The Nemotron-4 340B release
On 14 June 2024, NVIDIA releases Nemotron-4 340B, a family of language models with 340 billion parameters published in three coordinated variants: Base (pre-trained model), Instruct (model aligned to follow instructions) and Reward (classifier model used in RLHF processes). Pre-training is conducted on approximately 9 trillion tokens, with a data mix balancing code, web text and multilingual content.
The decision to release the reward model at the same time is unusual: it makes explicit the tool with which NVIDIA evaluates responses during fine-tuning, and allows third parties to reuse it for preference modelling pipelines without having to train their own classifier.
NVIDIA Open Model License
Nemotron is distributed under the NVIDIA Open Model License, a licence that permits commercial use of the weights and model outputs, including — explicitly — the generation of synthetic data to be used in training other models. There are some caveats on conduct of use and attribution, but without the non-commercial or user-threshold limitations typical of other “open weights” licences.
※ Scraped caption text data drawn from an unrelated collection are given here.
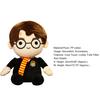 Harry-Potter Plush Toy Full Filling Cozy Touch Soft Cute Cartoon Doll Hugging Cushion Sofa Ornament Creative Magician Plush Figure Kids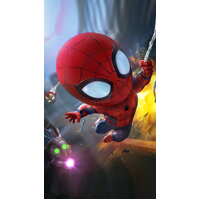 MARVEL CHIBI SPIDERMAN IRON MAN SUPERHEROES PERSONALISED BIRTHDAY PARTY SUPPLIES BANNER BACKDROP DECORATION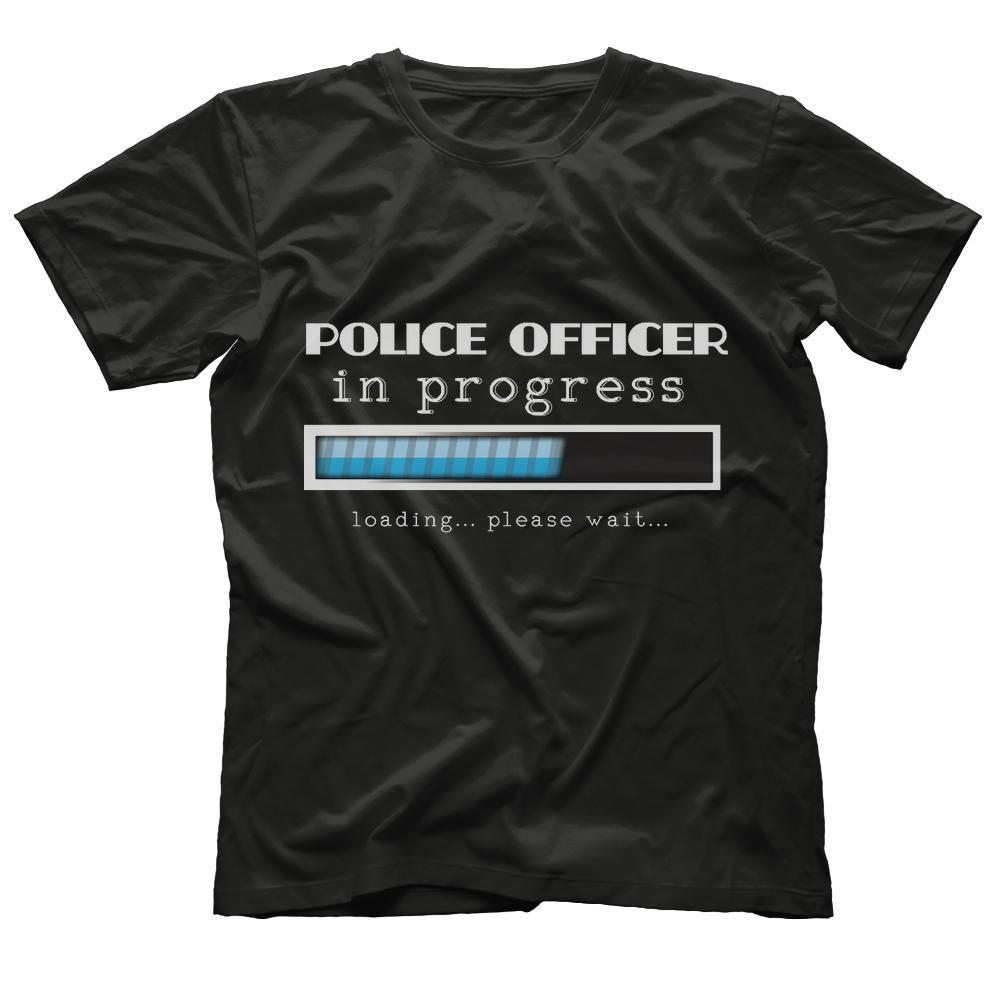 Police Officer In Progress Funny Police Academy Gift T-shirt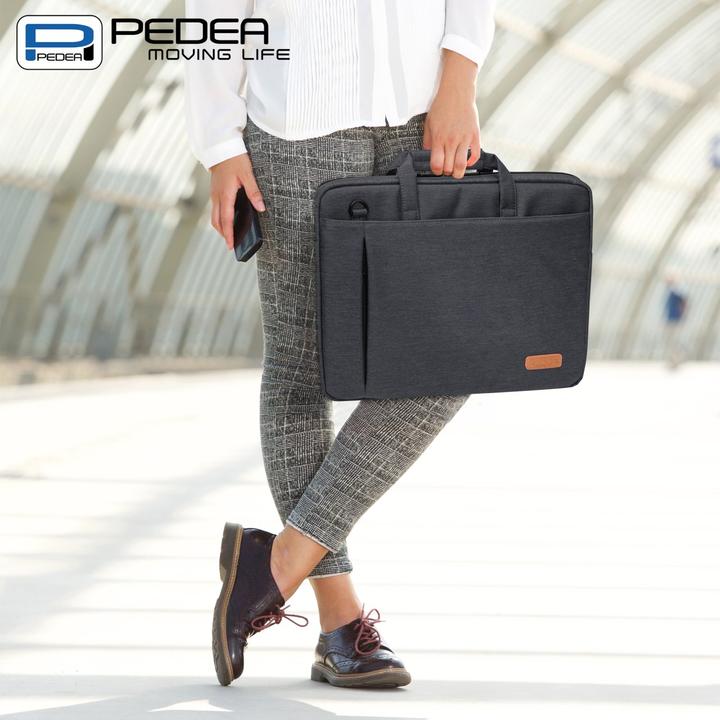 Produktbild Pedea Notebooktasche Elegance 15,6 Zoll 39,6cm grau Notebookfach: 39 x 28,5 x 5 cm Tabletfach: 27 x 20... (15.60", Universal)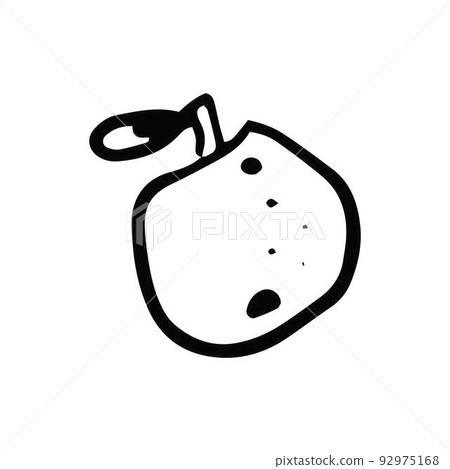 Tangerine with leaf Vector illustration on white background 92975168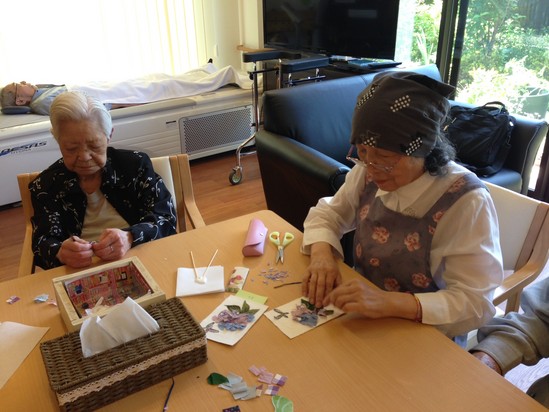 今日も布アートをしました～～～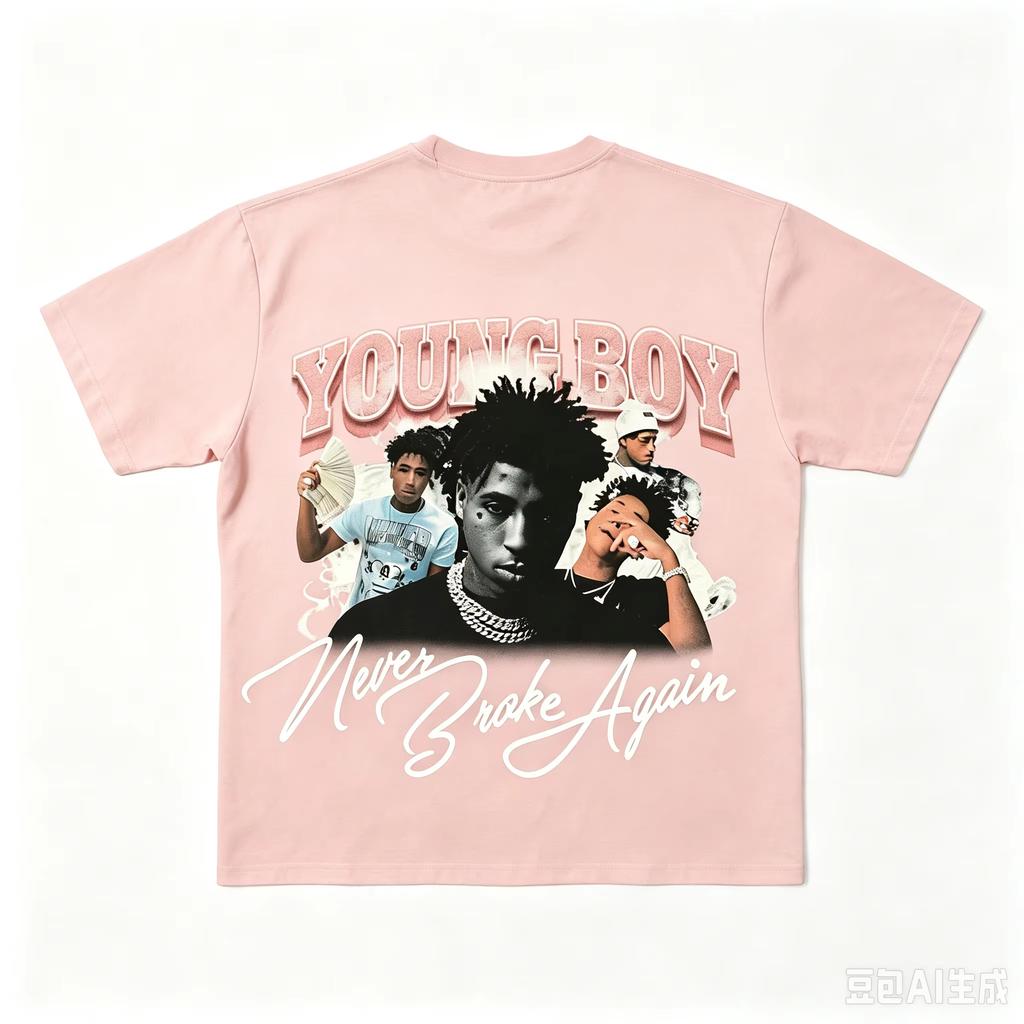 2026 New YoungBoy Never Broke Again American Rapper Hip‑Hop Graphic‑Print Unisex 100%‑Cotton Short‑Sleeve T‑Shirt, Summer Street‑Style Casual Top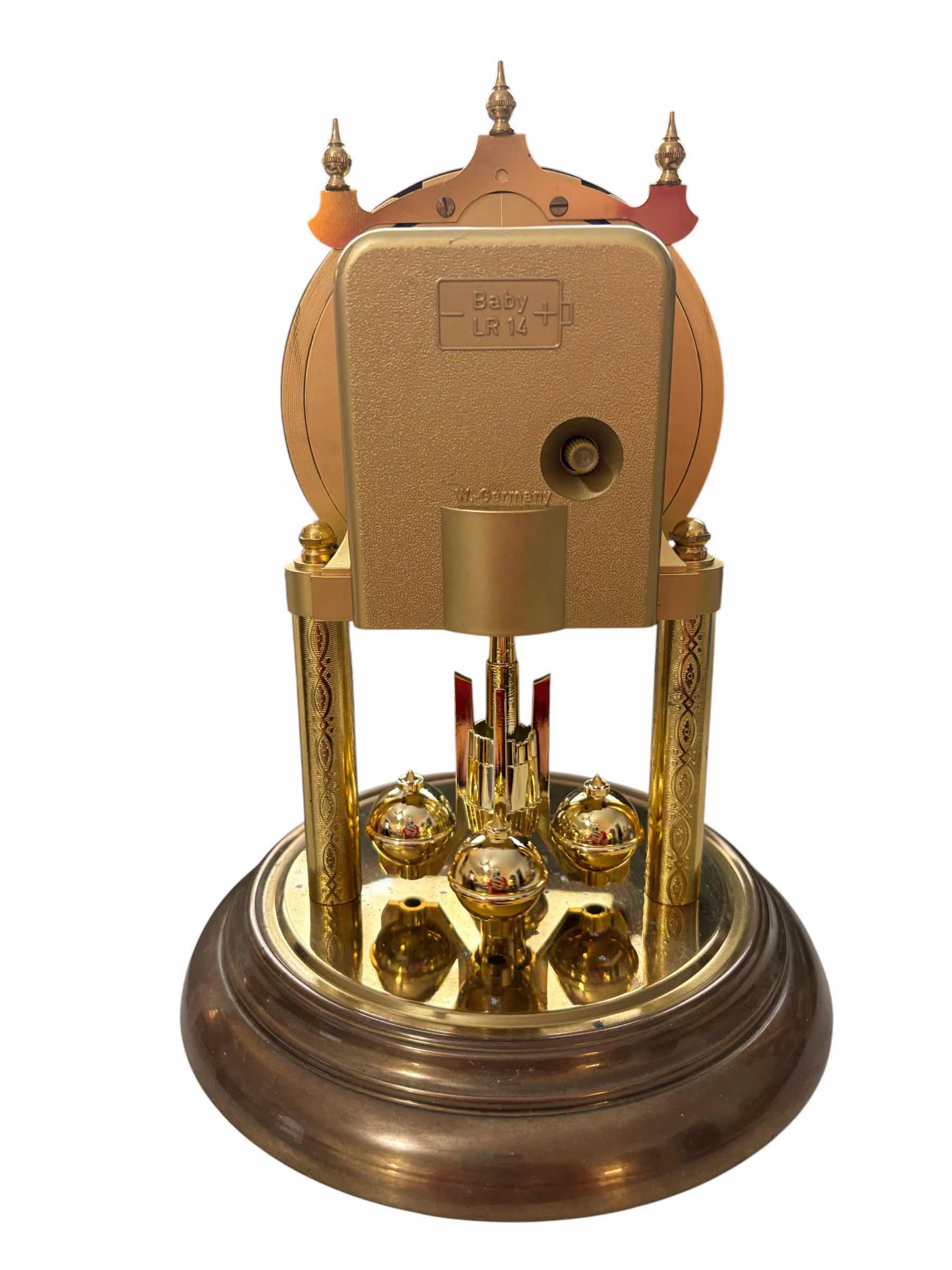 Photo 1 of WALTHAM GLASS DOME MANTEL CLOCK H9” IN ORIGINAL BOX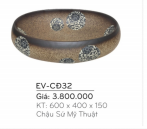 Chậu Sứ Mỹ Thuật EVEREST  EV - CĐ32
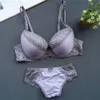 BRAS SETS NEW SEXY THONG BH SET FÖR Women Lace Lady Push Up Underwear Bra och Panty Lingerie Storlek 32 34 36 38 40 42 44 A B C D DD E Cup 230505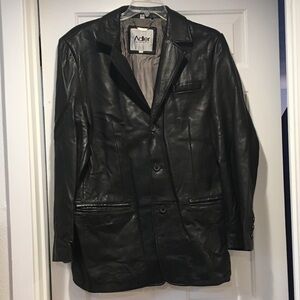 Adler leather jacket, black, Men’s size 42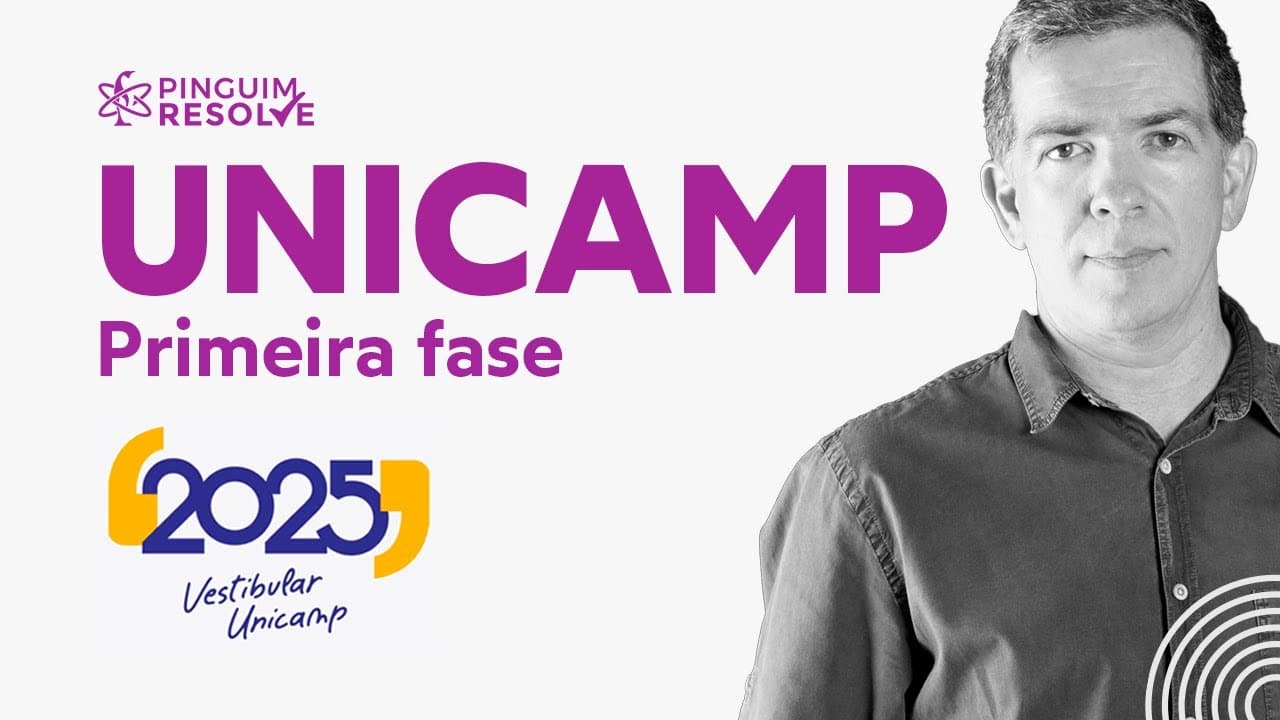 Thumbnail: GABARITO UNICAMP 2025 Primeira Fase - Física Professor Pinguim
The declared commercial positioning is consistent with this choice: NVIDIA proposes Nemotron as a synthetic data generator for training downstream models, more than as an end-user conversational assistant. The reward model’s performance on public benchmarks at the time of release confirms the pipeline’s validity.
Evolution of the family
In October 2024, NVIDIA publishes Nemotron-70B, a more compact variant obtained through targeted fine-tuning, which achieves notable results on alignment and instruction-following benchmarks. The family evolves while keeping the same licence and the same philosophy: providing quality models together with the infrastructural components (reward, synthetic datasets) needed to train further models on NVIDIA ecosystems. NVIDIA’s goal is not to compete head-on with proprietary API providers, but to consolidate its position as a platform for the entire training pipeline.